What Russia's withdrawal from the grain deal means for the world
Russia's decision to pull out of a deal that allowed Ukraine to export grain via the Black Sea could have far-reaching global consequences, especially for the world's most vulnerable, the UN and other humanitarian aid groups warned Monday.
Why it matters: The deal had been crucial to stabilizing global food prices, particularly in regions where millions face hunger and food instability. Experts now fear the end of the deal will push more people into crisis.
Catch up quick: The Black Sea Grain Initiative was a set of agreements brokered by the UN and Turkey last year after Russia's invasion of Ukraine and blockade of Black Sea ports sent food prices soaring worldwide.

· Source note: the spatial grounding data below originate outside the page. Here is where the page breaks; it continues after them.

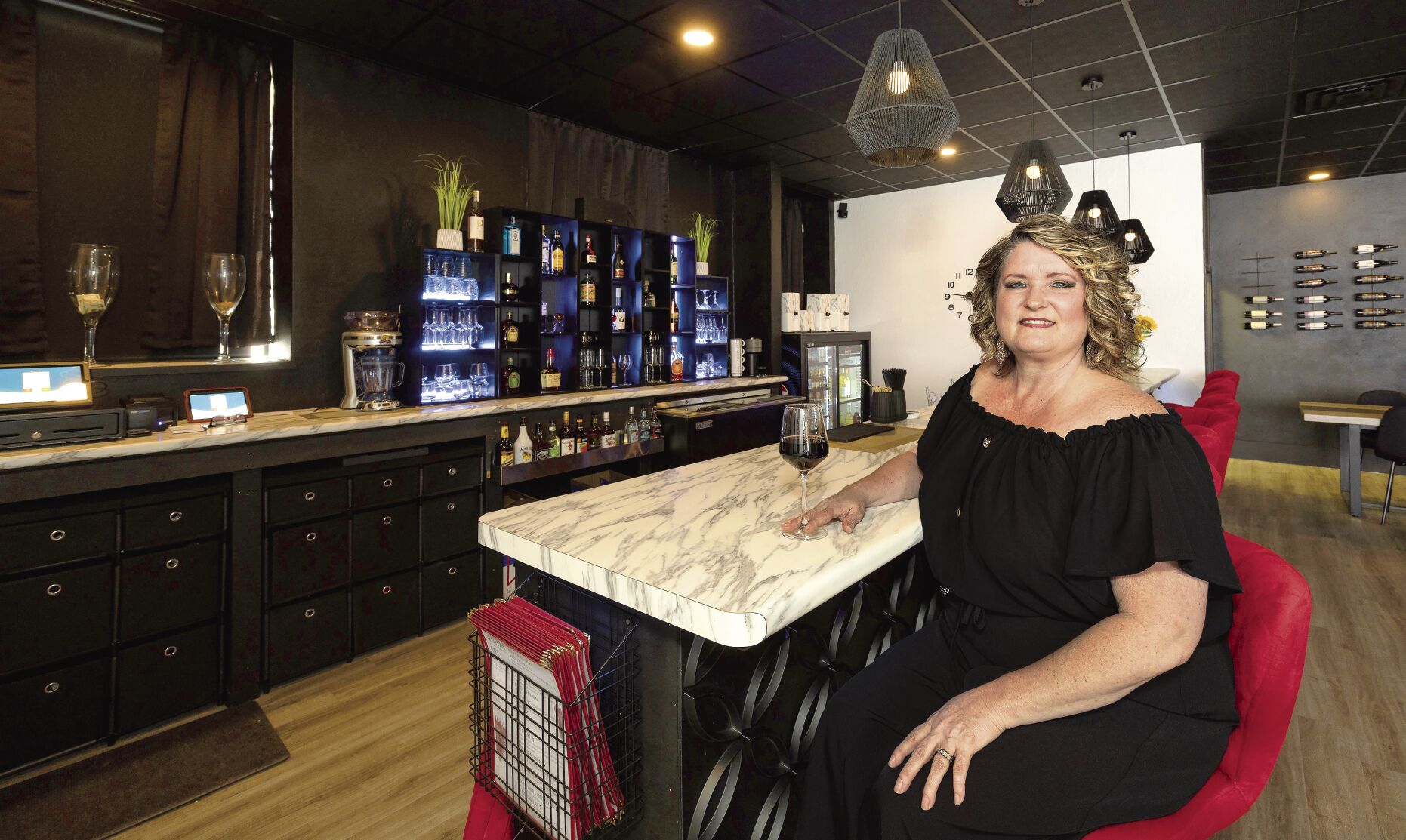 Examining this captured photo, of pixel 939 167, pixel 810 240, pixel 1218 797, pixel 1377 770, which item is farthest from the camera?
pixel 810 240

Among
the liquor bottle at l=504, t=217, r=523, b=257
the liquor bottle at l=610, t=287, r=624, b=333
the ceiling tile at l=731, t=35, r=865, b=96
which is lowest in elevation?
the liquor bottle at l=610, t=287, r=624, b=333

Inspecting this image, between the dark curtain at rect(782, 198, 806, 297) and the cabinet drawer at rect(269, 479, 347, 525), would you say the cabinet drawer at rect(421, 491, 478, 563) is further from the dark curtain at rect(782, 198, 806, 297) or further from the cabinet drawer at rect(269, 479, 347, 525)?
the dark curtain at rect(782, 198, 806, 297)

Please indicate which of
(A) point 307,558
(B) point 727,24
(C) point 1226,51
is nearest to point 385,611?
(A) point 307,558

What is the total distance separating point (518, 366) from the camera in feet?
13.8

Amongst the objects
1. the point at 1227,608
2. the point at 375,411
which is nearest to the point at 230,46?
the point at 375,411

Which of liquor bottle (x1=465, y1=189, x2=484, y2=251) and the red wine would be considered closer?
the red wine

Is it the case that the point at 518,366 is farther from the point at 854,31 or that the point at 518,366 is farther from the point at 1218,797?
the point at 1218,797

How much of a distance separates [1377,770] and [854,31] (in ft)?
11.8

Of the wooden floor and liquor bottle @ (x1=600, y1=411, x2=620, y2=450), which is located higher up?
liquor bottle @ (x1=600, y1=411, x2=620, y2=450)

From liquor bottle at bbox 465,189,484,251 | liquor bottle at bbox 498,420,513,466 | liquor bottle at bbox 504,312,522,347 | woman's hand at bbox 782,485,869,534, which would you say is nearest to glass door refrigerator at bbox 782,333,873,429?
liquor bottle at bbox 504,312,522,347

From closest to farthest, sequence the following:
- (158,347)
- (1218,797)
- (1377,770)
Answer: (1218,797)
(1377,770)
(158,347)

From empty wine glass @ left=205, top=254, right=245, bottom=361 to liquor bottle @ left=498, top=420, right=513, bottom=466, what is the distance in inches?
50.1

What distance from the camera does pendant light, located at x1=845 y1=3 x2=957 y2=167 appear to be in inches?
88.9

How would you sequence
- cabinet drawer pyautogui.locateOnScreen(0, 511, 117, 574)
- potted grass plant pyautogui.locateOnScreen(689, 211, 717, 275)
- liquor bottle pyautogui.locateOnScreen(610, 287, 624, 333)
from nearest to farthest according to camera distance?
1. cabinet drawer pyautogui.locateOnScreen(0, 511, 117, 574)
2. liquor bottle pyautogui.locateOnScreen(610, 287, 624, 333)
3. potted grass plant pyautogui.locateOnScreen(689, 211, 717, 275) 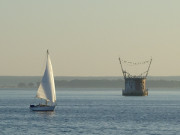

- Ukraine and Russia in pre-war times provided more than one-quarter of the world's wheat supply.
- The initiative helped reduce food prices by more than 23% since March of last year, according to the UN. More than 32 million metric tons of food commodities have left Ukrainian ports since the deal was signed.
Announcing it was pulling out of the initiative, the Kremlin said on Monday that certain conditions related to the deal have not been met.
- Moscow previously complained the deal has benefited Ukraine, while Western sanctions at the same time restricted the flow of Russian fertilizer and wheat to foreign markets.
- The UN said it had sent a letter to Russian President Vladimir Putin last week proposing additional ways to "remove hurdles affecting financial transactions through the Russian Agricultural Bank," UN spokesperson Stephane Dujarric told reporters.
The big picture: The end of the deal will likely have both immediate and long-lasting effects, experts and humanitarian aid groups say.
- Wheat futures jumped on the news but ended the U.S. trading session down slightly more than 1%.
- Food insecurity is expected to rise, putting pressure on the already strained humanitarian aid system that is responding to record displacement and an increase in hunger against the backdrop of significant funding shortfalls.
- That could force aid groups to make even more difficult decisions about who gets assistance, Kate Phillips-Barasso, Mercy Corps vice president of policy and advocacy, told Axios.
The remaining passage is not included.